What is a Compute Shader ?
In its own words, the Compute Shader is a special stage of the pipeline that replaces all the traditional ones (but can still be used with it), allows you to execute arbitrary code using the GPU , read / write data into buffers (including texture ). Moreover, the execution of this code occurs as parallel as the developer sets up.
At the very beginning of the code is the numthreads field, which indicates the number of threads in the group. For now, we will not use group streams and make sure that there is one stream per group. uint3 DTiD.xyz points to the current thread.
The next step is to launch such a shader, it is performed as follows:
In the Dispatch method, we indicate how many groups of threads we should have, and the maximum number of each dimension is limited to 65536 . And if we execute such a code, the shader code on the GPU will be executed once, because we have 1 group of threads, in each group 1 stream. If you put, for example, Dispatch (5, 1, 1) - the shader code on the GPU will be executed five times, 5 groups of streams, 1 stream in each group. If at the same time change also numthreads -> (5, 1, 1) , then the code will be executed 25 times, and in 5 groups of threads, in each group there are 5 threads. More detail can be considered if you look at the picture:
Now, back to the particle system, what do we have? We have a one-dimensional array of 1,000,000 elements and the task is to process the positions of the particles. Since Since particles move independently of each other, this task can be very well parallelized.
In DX10 (we use this version of CS , to support DX10 cards) the maximum number of flows per group of flows is 768 , and in all three dimensions. I create 32 * 24 * 1 = 768 threads in total for each group of threads, i.e. our one group is able to process 768 particles (1 stream - 1 particle). Further, it is necessary to calculate how many flow groups one needs (taking into account the fact that one group will process 768 particles) in order to process the N -th number of particles. You can calculate it by the formula:
Another magic happens here, we use our particle buffer as a special resource: RWStructuredBuffer , this means that we can read and write to this buffer. (!) Prerequisite for writing - this buffer must be marked with the UnorderedAccess flag when created .
Well, the final stage, we set the resource for the shader as UnorderedAccessView to our buffer and call Dispatch :
After completing the execution of the code, it is necessary to remove the UnorderedAccessView from the shader, otherwise we will not be able to use it!

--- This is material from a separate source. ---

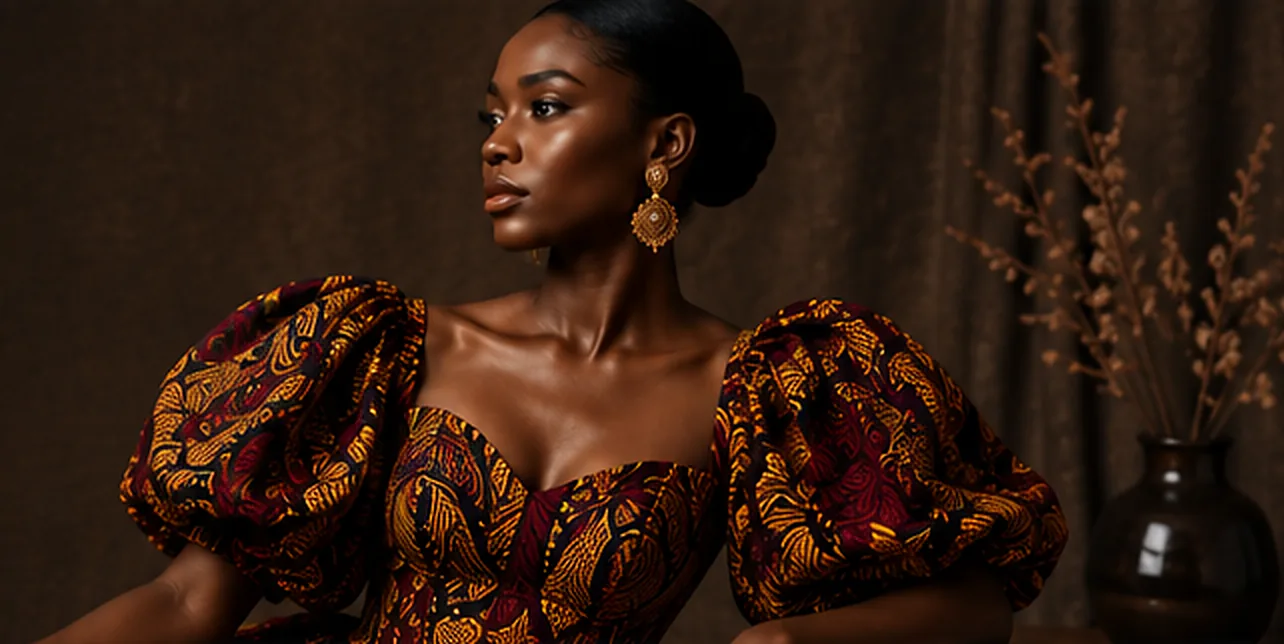 A woman in a red and gold printed dress with full puffed sleeves, beside a dark vase of dried branches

Let's do something with particles, we will write the simplest solver:
If we talk about particles, then nothing prevents you from creating a full-fledged and powerful system of particles: the points are easy enough to sort (to ensure transparency), to apply the soft particles technique when drawing, and also to take into account the lighting of “non-luminous” particles. Computational shaders are mainly used to create the Bokeh Blur effect (we also need geometric ones), to create a Tiled Deferred Renderer , etc. Geometric shaders, for example, can be used when you need to generate a lot of geometry. The most striking example is grass and particles. By the way, the use of GS and CS are endless and limited only by the imagination of the developer.
Conclusion 2
Traditionally, I attach the full source code and demo to the post. PS to run the demo - you need a video card with support for DX10 and Compute Shader.
Conclusion 3
I am very pleased when people show interest in what I write.And the reaction to the article is very important for me, be it in the form of a plus or a minus with a constructive comment.So I can determine which topics are more interesting for the habrasoobshchestvo, and which are not.